**MATERIAL SUPPLIED:**
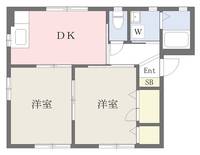 メサヴェルデ101の間取り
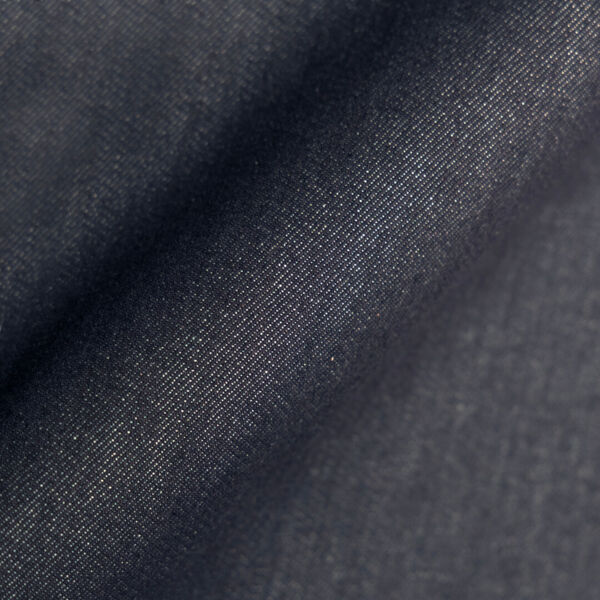 100% cotton structured Denim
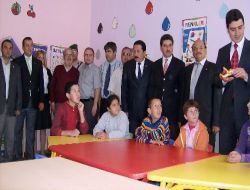 Hayırsever İşadamı İlköğretim Okuluna Özel Eğitim Sınıfı Yaptırdı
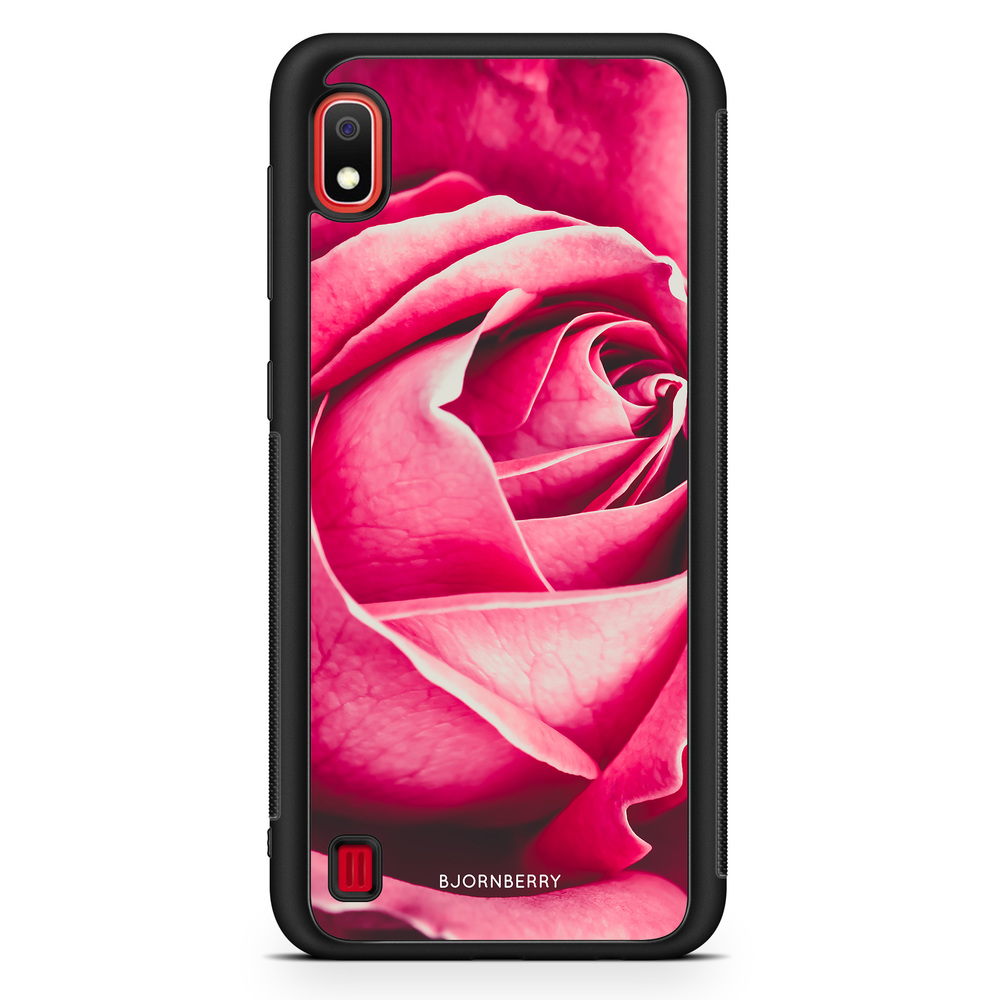 Samsung Galaxy A10 Case - Red Rose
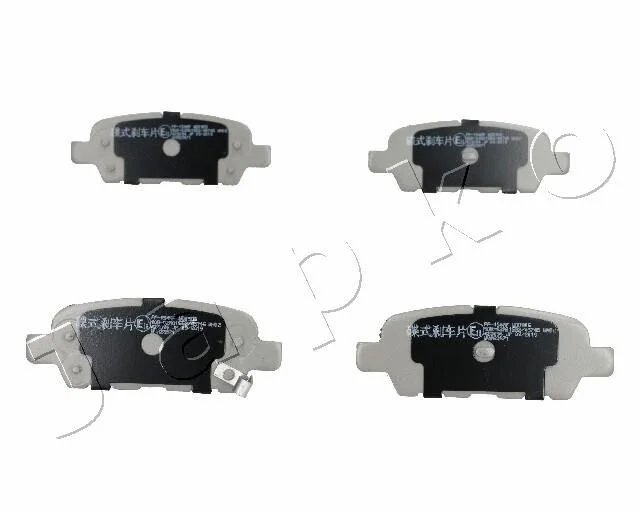 Колодки гальмівні дискові задн Suzuki Grand Vitara II (05-) / Nissan X-trail Qashqai, Leaf, Juke, Murano (07-) JAPKO 51154 (фото 1)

**TASK TO COMPLETE:**
Every record above should be written out again exactly; the pictures stay out of the copy.

**ANSWER SECTION:**
 メサヴェルデ101の間取り
 100% cotton structured Denim
 Hayırsever İşadamı İlköğretim Okuluna Özel Eğitim Sınıfı Yaptırdı
 Samsung Galaxy A10 Case - Red Rose
 Колодки гальмівні дискові задн Suzuki Grand Vitara II (05-) / Nissan X-trail Qashqai, Leaf, Juke, Murano (07-) JAPKO 51154 (фото 1)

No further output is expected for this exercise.